▶ [ASSIGNMENT]
Without including any pictures, reproduce all the lines below word for word.

▶ [INFORMATION SUPPLIED]
+ + +
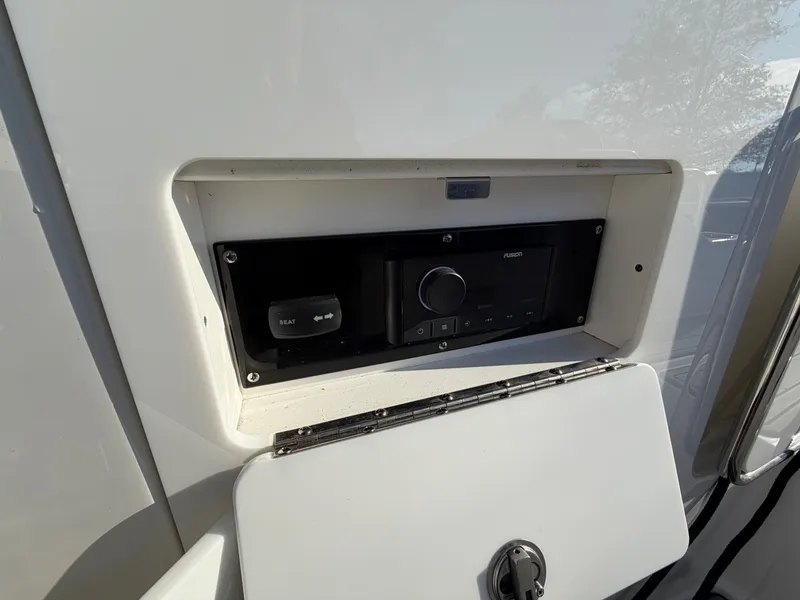 Slide: The Image of Monterey M6 2023 control panel with Fusion audio system. - 33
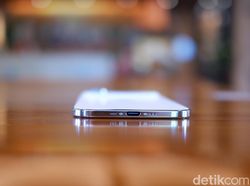 Unboxing iPhone Air: HP Tertipis & Teringan Apple yang Bikin Penasaran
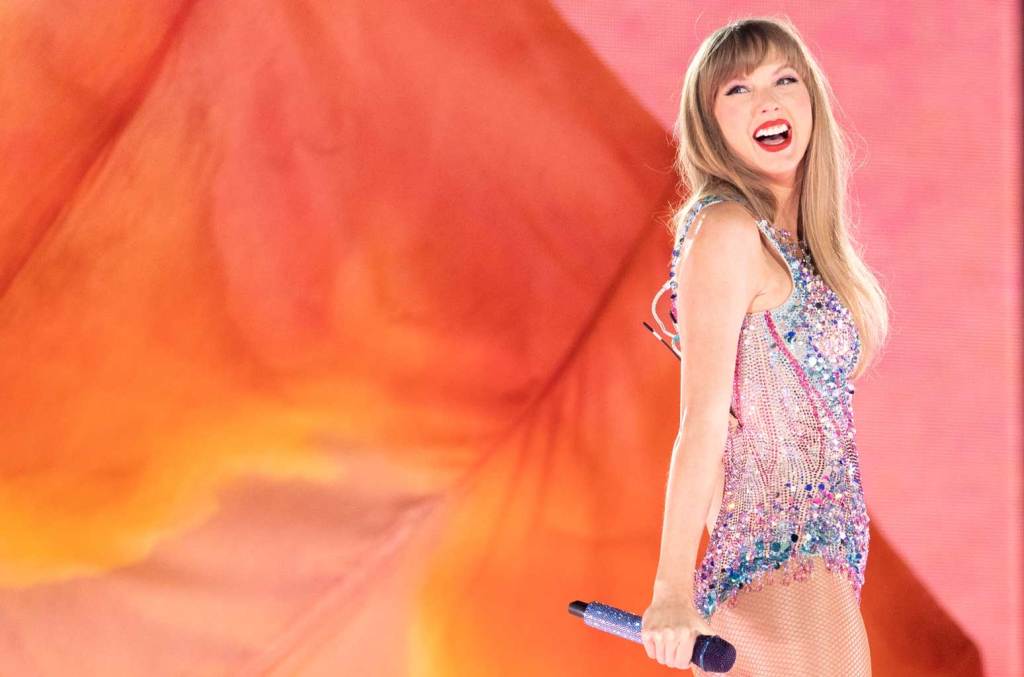 taylor-swift’s-‘cruel-summer’-tops-hot-100-for-second-week,-hits-no.-1-on-streaming-songs chart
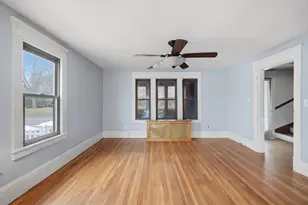 135 Newbury St, Chicopee, MA 01013 - Photo 9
+ + +
▶ [REPLY]
 Slide: The Image of Monterey M6 2023 control panel with Fusion audio system. - 33
 Unboxing iPhone Air: HP Tertipis & Teringan Apple yang Bikin Penasaran
 taylor-swift’s-‘cruel-summer’-tops-hot-100-for-second-week,-hits-no.-1-on-streaming-songs chart
 135 Newbury St, Chicopee, MA 01013 - Photo 9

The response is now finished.